Thursday, May 5, 2011
George Mallory and the Wildest Dream
“Summit fever” is a term which has sprung to prominence especially when we talk about Mount Everest. Members of the public and establishment minded mountaineers take a dim view of the irrational and sometimes maddening drive to get to the summit of a mountain when the chances of a safe return are virtually nil. A prominent Australian mountaineer said Alison Hargreaves’ death on K2 was due to summit fever. When Michael Rhineberger reached the “third step” at 8,700 m on Everest’s North ridge at 4.00 p.m., his decision to carry on to the top surely cost him his life. in 1996 Doug Hansen, though sick kept on pushing to the summit reaching it as late as 4pm and on the return did not have the energy to push lower than the Hillary step.

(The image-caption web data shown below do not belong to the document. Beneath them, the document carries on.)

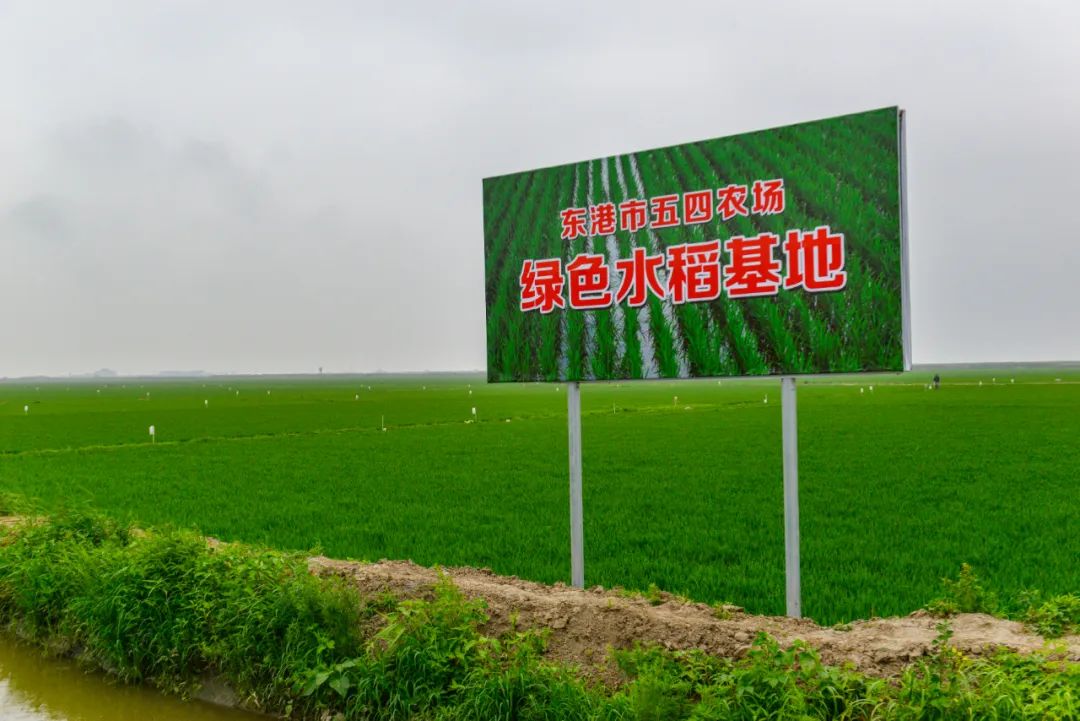 五四农场2万亩稻田全面实现了绿色,有机种植模式,并取得绿色,有机认证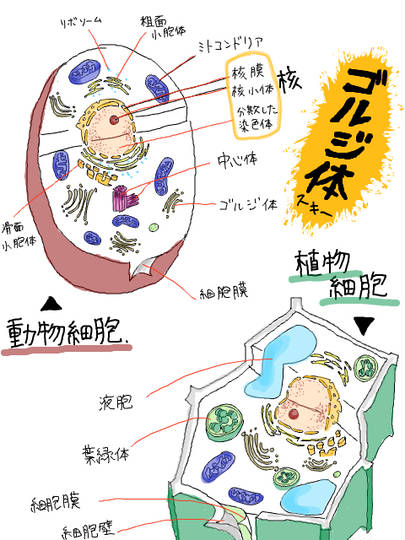 細胞 さいぼう とは ピクシブ百科事典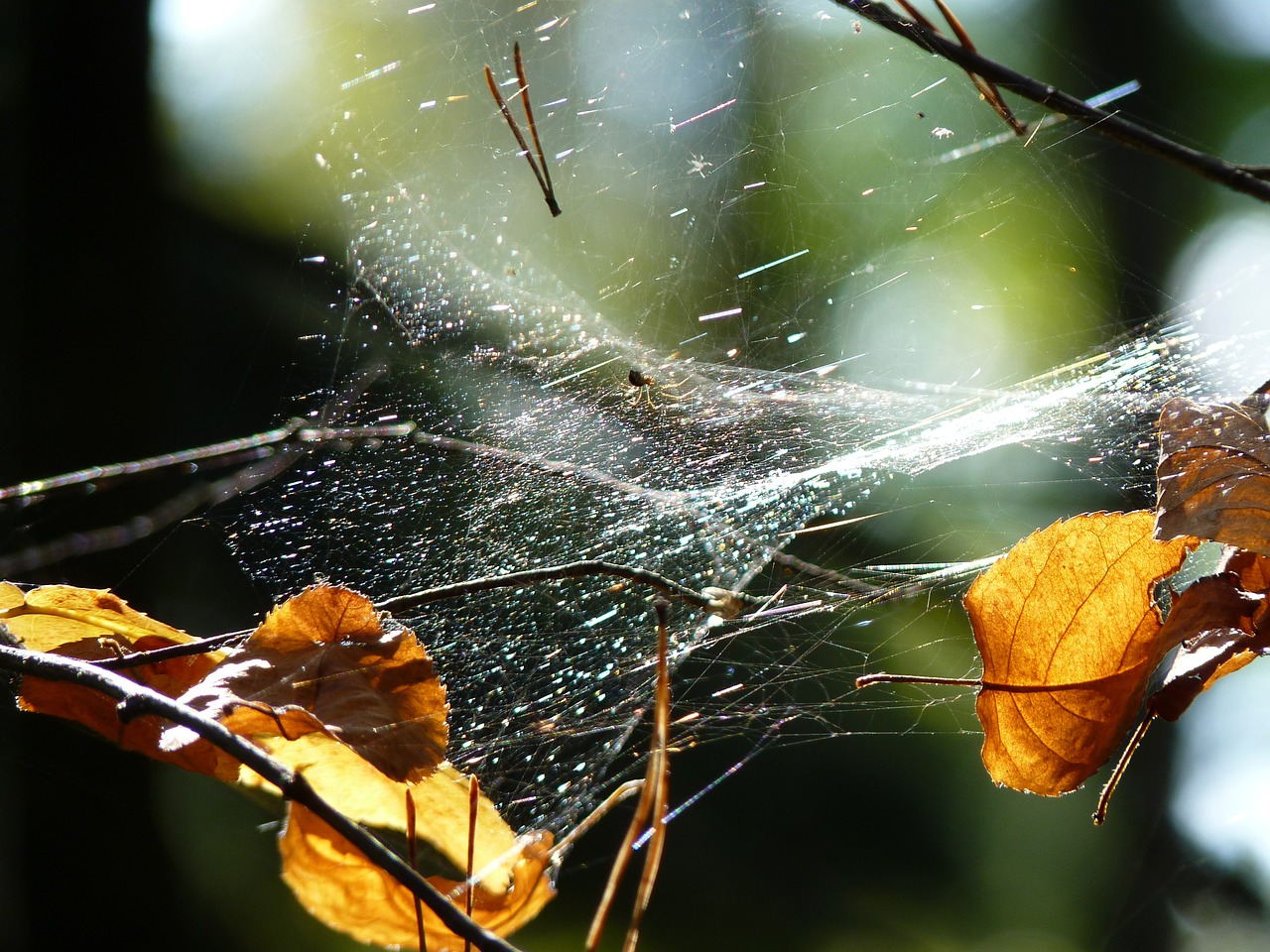 cobweb spider network free photo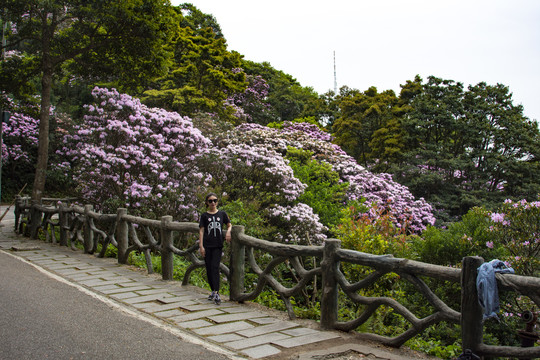 万花屏留影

Just days later Bruce Herrod made the same mistake and did not return to the summit camp. Out of all these stories, the story of George Mallory is one which will live on until people talk about Tenzing and Hillary. Did Mallory and Irvine climb the mountain years before Tenzing and Hillary even made it to South Col camp? Mallory is famously quoted as having replied to the question “Why do you want to climb Mount Everest?” with the retort: “Because it’s there”, which has been called “the most famous three words in mountaineering” The documentary The Wildest dream recreates his story. Using similar equipment and climbing the same route that those two brave men took to recreate the last few moments of George Mallory and Sandy Irvine.